After the truck was out of sight, Eddie climbed out and stood up. He pushed another piece of bread through the window for Cassandra and then went to inspect the puddle.
He held his hand over the spot, half-expecting it to jump up at him. But, no, there was no life, just minute particles of blood and tissue. No essence of a human, so it would be useless for him to chase after the truck and restore the soul into the new body. There was no soul to restore. There was no essence of a demon either. So, Eddie couldn't have put a soul into that thing's body anyway; there wasn't anything he could have been able to draw out of the body to replace.
Eddie paused to ponder over the loss of one, and possibly four, souls that day. A failure he sincerely dreaded would happen whenever Timothy would send him out on his missions. He stood and soaked in the sadness. The eternal loss.
The beings were definitely shapeshifting monsters. That's what Timothy warned Eddie he would be dealing with when he got to the bunker. And silver was the weapon material of choice for killing shapeshifters. So he leaned down and touched a finger to the puddle, which turned to silver and then dissolved into air.

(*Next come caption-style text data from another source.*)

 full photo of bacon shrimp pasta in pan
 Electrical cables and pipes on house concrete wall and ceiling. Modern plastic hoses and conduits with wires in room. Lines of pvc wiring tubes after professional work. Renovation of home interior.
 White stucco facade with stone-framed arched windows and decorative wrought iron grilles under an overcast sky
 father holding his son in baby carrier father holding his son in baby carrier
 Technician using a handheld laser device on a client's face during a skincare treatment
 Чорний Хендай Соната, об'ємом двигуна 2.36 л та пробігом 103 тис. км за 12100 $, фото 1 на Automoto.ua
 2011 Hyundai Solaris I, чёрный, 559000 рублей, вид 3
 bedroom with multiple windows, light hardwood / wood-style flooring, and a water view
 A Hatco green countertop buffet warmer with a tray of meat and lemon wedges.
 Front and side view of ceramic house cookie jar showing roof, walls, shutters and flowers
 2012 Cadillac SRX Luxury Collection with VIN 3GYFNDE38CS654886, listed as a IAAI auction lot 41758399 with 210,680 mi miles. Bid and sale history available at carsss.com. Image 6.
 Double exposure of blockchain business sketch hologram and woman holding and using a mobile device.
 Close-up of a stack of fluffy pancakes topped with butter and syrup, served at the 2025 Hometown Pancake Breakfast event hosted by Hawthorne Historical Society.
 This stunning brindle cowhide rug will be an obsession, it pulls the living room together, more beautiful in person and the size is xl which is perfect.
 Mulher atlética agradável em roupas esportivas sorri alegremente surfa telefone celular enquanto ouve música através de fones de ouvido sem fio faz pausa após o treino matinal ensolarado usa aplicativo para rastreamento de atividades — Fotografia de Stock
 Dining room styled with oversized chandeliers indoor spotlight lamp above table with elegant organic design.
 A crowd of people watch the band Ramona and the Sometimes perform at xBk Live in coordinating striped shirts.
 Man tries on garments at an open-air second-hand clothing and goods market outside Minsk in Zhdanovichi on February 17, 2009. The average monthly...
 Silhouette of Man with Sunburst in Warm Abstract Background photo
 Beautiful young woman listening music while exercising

He did the same to the three puddles outside the kitchen. He was sure they weren't going to evolve into something demonic or otherwise, but let's not take chances. He did not want to have to go back to clean up a bigger mess due to his lack of thoroughness.
Looking towards the diner, Eddie was not in the mood to talk to anyone. He'd rather stew in his dark mood right now. Besides, he would see Castiel and the Winchesters in Kansas in a few hours. He hopped into the Jeep and drove out of the lot and headed towards the bunker. He could greet Sam and Dean when they got home and warn them then what was coming. He was sure the blue truck ahead of him was going that way, too. But when would its occupants show up at the bunker and what would they look like by then?